# ACTION ITEM:
You are to retype all of the data exactly as it appears.

:: MATERIAL SHOWN

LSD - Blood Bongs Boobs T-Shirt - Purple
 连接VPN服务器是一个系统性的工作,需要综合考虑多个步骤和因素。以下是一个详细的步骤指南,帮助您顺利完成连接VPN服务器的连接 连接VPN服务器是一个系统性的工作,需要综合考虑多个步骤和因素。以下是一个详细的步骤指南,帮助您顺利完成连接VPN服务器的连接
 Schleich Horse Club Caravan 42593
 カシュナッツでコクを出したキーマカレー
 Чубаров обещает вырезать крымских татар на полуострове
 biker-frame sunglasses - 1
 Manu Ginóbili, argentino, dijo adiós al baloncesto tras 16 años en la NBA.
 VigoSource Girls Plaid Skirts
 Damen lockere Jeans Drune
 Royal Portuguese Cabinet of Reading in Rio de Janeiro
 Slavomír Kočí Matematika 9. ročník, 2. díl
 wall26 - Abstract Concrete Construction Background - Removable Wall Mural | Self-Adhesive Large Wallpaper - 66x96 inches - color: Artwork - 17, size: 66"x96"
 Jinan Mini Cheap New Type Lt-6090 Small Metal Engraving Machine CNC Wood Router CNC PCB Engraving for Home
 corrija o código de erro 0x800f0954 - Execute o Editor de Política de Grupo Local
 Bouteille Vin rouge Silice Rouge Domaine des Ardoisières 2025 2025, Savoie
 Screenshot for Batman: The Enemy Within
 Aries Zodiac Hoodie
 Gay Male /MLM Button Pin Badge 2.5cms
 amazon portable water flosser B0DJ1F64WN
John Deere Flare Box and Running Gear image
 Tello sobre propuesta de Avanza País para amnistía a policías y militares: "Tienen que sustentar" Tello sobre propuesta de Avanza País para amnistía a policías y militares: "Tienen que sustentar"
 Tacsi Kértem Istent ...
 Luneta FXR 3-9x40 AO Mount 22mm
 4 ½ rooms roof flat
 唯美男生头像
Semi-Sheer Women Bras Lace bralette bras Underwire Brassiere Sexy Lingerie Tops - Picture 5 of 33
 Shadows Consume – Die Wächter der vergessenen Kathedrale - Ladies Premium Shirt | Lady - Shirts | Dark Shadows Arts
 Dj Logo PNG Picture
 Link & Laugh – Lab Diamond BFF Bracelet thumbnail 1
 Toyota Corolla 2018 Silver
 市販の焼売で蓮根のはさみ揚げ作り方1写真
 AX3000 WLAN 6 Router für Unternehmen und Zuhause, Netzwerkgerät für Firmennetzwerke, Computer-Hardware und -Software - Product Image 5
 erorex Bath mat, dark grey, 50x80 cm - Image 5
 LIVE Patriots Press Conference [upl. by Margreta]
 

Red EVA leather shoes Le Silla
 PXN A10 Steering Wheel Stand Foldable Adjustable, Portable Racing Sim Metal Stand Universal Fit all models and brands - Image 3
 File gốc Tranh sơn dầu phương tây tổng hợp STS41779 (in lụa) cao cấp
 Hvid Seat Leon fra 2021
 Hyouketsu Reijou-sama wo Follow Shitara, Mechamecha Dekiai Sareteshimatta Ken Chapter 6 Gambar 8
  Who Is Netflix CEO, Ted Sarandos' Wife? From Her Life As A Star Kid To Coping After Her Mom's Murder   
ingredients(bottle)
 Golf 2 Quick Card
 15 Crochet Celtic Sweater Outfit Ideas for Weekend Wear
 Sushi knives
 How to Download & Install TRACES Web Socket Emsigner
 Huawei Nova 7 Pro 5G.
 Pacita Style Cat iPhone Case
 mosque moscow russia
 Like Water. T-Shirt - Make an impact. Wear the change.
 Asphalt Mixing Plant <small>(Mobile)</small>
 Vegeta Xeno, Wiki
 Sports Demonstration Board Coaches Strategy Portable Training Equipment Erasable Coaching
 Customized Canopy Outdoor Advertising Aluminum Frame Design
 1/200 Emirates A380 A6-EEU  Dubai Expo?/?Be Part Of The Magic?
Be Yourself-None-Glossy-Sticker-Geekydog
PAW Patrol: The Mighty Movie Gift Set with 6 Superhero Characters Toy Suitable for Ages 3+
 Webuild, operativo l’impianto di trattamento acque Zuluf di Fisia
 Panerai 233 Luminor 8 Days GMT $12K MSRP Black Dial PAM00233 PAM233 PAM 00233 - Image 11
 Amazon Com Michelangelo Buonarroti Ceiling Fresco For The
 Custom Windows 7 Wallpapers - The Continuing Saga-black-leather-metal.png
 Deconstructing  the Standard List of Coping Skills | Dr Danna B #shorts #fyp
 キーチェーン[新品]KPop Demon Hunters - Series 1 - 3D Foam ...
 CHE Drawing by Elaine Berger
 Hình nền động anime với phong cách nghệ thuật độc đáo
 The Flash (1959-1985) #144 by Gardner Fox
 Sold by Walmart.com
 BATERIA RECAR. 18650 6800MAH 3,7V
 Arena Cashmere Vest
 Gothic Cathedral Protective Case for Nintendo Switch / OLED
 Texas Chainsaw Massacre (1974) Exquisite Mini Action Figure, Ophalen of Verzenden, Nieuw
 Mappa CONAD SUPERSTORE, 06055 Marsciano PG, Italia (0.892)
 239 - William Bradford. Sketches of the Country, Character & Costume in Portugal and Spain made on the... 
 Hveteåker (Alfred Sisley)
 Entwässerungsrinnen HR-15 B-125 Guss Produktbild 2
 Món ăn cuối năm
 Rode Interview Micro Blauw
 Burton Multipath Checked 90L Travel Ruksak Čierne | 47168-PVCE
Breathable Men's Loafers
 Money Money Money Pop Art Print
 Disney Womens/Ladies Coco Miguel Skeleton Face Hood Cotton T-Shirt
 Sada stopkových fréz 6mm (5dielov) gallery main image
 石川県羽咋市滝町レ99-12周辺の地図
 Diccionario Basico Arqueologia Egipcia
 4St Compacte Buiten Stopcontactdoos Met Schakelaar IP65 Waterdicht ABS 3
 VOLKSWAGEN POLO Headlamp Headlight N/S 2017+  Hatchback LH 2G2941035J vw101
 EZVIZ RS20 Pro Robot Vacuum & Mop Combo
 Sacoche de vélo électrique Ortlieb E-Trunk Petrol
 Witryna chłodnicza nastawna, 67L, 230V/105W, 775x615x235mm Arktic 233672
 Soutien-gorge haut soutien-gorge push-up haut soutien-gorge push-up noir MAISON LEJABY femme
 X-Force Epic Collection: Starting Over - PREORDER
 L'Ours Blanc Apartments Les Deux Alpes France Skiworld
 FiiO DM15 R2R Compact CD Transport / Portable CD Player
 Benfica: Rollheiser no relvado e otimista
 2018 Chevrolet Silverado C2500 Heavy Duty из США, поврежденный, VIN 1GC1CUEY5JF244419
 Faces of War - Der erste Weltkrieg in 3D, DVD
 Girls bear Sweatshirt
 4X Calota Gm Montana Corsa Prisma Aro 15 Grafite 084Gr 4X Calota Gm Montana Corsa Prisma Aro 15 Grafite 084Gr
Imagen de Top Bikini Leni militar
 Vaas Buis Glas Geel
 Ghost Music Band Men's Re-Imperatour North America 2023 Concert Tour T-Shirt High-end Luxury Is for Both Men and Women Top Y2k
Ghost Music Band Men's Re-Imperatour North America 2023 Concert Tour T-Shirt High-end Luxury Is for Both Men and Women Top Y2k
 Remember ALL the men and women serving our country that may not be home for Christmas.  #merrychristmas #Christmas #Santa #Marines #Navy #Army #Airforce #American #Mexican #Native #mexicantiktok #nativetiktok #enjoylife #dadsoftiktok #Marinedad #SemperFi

::::

# SOLUTION TO THE EXERCISE:
LSD - Blood Bongs Boobs T-Shirt - Purple
 连接VPN服务器是一个系统性的工作,需要综合考虑多个步骤和因素。以下是一个详细的步骤指南,帮助您顺利完成连接VPN服务器的连接 连接VPN服务器是一个系统性的工作,需要综合考虑多个步骤和因素。以下是一个详细的步骤指南,帮助您顺利完成连接VPN服务器的连接
 Schleich Horse Club Caravan 42593
 カシュナッツでコクを出したキーマカレー
 Чубаров обещает вырезать крымских татар на полуострове
 biker-frame sunglasses - 1
 Manu Ginóbili, argentino, dijo adiós al baloncesto tras 16 años en la NBA.
 VigoSource Girls Plaid Skirts
 Damen lockere Jeans Drune
 Royal Portuguese Cabinet of Reading in Rio de Janeiro
 Slavomír Kočí Matematika 9. ročník, 2. díl
 wall26 - Abstract Concrete Construction Background - Removable Wall Mural | Self-Adhesive Large Wallpaper - 66x96 inches - color: Artwork - 17, size: 66"x96"
 Jinan Mini Cheap New Type Lt-6090 Small Metal Engraving Machine CNC Wood Router CNC PCB Engraving for Home
 corrija o código de erro 0x800f0954 - Execute o Editor de Política de Grupo Local
 Bouteille Vin rouge Silice Rouge Domaine des Ardoisières 2025 2025, Savoie
 Screenshot for Batman: The Enemy Within
 Aries Zodiac Hoodie
 Gay Male /MLM Button Pin Badge 2.5cms
 amazon portable water flosser B0DJ1F64WN
John Deere Flare Box and Running Gear image
 Tello sobre propuesta de Avanza País para amnistía a policías y militares: "Tienen que sustentar" Tello sobre propuesta de Avanza País para amnistía a policías y militares: "Tienen que sustentar"
 Tacsi Kértem Istent ...
 Luneta FXR 3-9x40 AO Mount 22mm
 4 ½ rooms roof flat
 唯美男生头像
Semi-Sheer Women Bras Lace bralette bras Underwire Brassiere Sexy Lingerie Tops - Picture 5 of 33
 Shadows Consume – Die Wächter der vergessenen Kathedrale - Ladies Premium Shirt | Lady - Shirts | Dark Shadows Arts
 Dj Logo PNG Picture
 Link & Laugh – Lab Diamond BFF Bracelet thumbnail 1
 Toyota Corolla 2018 Silver
 市販の焼売で蓮根のはさみ揚げ作り方1写真
 AX3000 WLAN 6 Router für Unternehmen und Zuhause, Netzwerkgerät für Firmennetzwerke, Computer-Hardware und -Software - Product Image 5
 erorex Bath mat, dark grey, 50x80 cm - Image 5
 LIVE Patriots Press Conference [upl. by Margreta]
 

Red EVA leather shoes Le Silla
 PXN A10 Steering Wheel Stand Foldable Adjustable, Portable Racing Sim Metal Stand Universal Fit all models and brands - Image 3
 File gốc Tranh sơn dầu phương tây tổng hợp STS41779 (in lụa) cao cấp
 Hvid Seat Leon fra 2021
 Hyouketsu Reijou-sama wo Follow Shitara, Mechamecha Dekiai Sareteshimatta Ken Chapter 6 Gambar 8
  Who Is Netflix CEO, Ted Sarandos' Wife? From Her Life As A Star Kid To Coping After Her Mom's Murder   
ingredients(bottle)
 Golf 2 Quick Card
 15 Crochet Celtic Sweater Outfit Ideas for Weekend Wear
 Sushi knives
 How to Download & Install TRACES Web Socket Emsigner
 Huawei Nova 7 Pro 5G.
 Pacita Style Cat iPhone Case
 mosque moscow russia
 Like Water. T-Shirt - Make an impact. Wear the change.
 Asphalt Mixing Plant <small>(Mobile)</small>
 Vegeta Xeno, Wiki
 Sports Demonstration Board Coaches Strategy Portable Training Equipment Erasable Coaching
 Customized Canopy Outdoor Advertising Aluminum Frame Design
 1/200 Emirates A380 A6-EEU  Dubai Expo?/?Be Part Of The Magic?
Be Yourself-None-Glossy-Sticker-Geekydog
PAW Patrol: The Mighty Movie Gift Set with 6 Superhero Characters Toy Suitable for Ages 3+
 Webuild, operativo l’impianto di trattamento acque Zuluf di Fisia
 Panerai 233 Luminor 8 Days GMT $12K MSRP Black Dial PAM00233 PAM233 PAM 00233 - Image 11
 Amazon Com Michelangelo Buonarroti Ceiling Fresco For The
 Custom Windows 7 Wallpapers - The Continuing Saga-black-leather-metal.png
 Deconstructing  the Standard List of Coping Skills | Dr Danna B #shorts #fyp
 キーチェーン[新品]KPop Demon Hunters - Series 1 - 3D Foam ...
 CHE Drawing by Elaine Berger
 Hình nền động anime với phong cách nghệ thuật độc đáo
 The Flash (1959-1985) #144 by Gardner Fox
 Sold by Walmart.com
 BATERIA RECAR. 18650 6800MAH 3,7V
 Arena Cashmere Vest
 Gothic Cathedral Protective Case for Nintendo Switch / OLED
 Texas Chainsaw Massacre (1974) Exquisite Mini Action Figure, Ophalen of Verzenden, Nieuw
 Mappa CONAD SUPERSTORE, 06055 Marsciano PG, Italia (0.892)
 239 - William Bradford. Sketches of the Country, Character & Costume in Portugal and Spain made on the... 
 Hveteåker (Alfred Sisley)
 Entwässerungsrinnen HR-15 B-125 Guss Produktbild 2
 Món ăn cuối năm
 Rode Interview Micro Blauw
 Burton Multipath Checked 90L Travel Ruksak Čierne | 47168-PVCE
Breathable Men's Loafers
 Money Money Money Pop Art Print
 Disney Womens/Ladies Coco Miguel Skeleton Face Hood Cotton T-Shirt
 Sada stopkových fréz 6mm (5dielov) gallery main image
 石川県羽咋市滝町レ99-12周辺の地図
 Diccionario Basico Arqueologia Egipcia
 4St Compacte Buiten Stopcontactdoos Met Schakelaar IP65 Waterdicht ABS 3
 VOLKSWAGEN POLO Headlamp Headlight N/S 2017+  Hatchback LH 2G2941035J vw101
 EZVIZ RS20 Pro Robot Vacuum & Mop Combo
 Sacoche de vélo électrique Ortlieb E-Trunk Petrol
 Witryna chłodnicza nastawna, 67L, 230V/105W, 775x615x235mm Arktic 233672
 Soutien-gorge haut soutien-gorge push-up haut soutien-gorge push-up noir MAISON LEJABY femme
 X-Force Epic Collection: Starting Over - PREORDER
 L'Ours Blanc Apartments Les Deux Alpes France Skiworld
 FiiO DM15 R2R Compact CD Transport / Portable CD Player
 Benfica: Rollheiser no relvado e otimista
 2018 Chevrolet Silverado C2500 Heavy Duty из США, поврежденный, VIN 1GC1CUEY5JF244419
 Faces of War - Der erste Weltkrieg in 3D, DVD
 Girls bear Sweatshirt
 4X Calota Gm Montana Corsa Prisma Aro 15 Grafite 084Gr 4X Calota Gm Montana Corsa Prisma Aro 15 Grafite 084Gr
Imagen de Top Bikini Leni militar
 Vaas Buis Glas Geel
 Ghost Music Band Men's Re-Imperatour North America 2023 Concert Tour T-Shirt High-end Luxury Is for Both Men and Women Top Y2k
Ghost Music Band Men's Re-Imperatour North America 2023 Concert Tour T-Shirt High-end Luxury Is for Both Men and Women Top Y2k
 Remember ALL the men and women serving our country that may not be home for Christmas.  #merrychristmas #Christmas #Santa #Marines #Navy #Army #Airforce #American #Mexican #Native #mexicantiktok #nativetiktok #enjoylife #dadsoftiktok #Marinedad #SemperFi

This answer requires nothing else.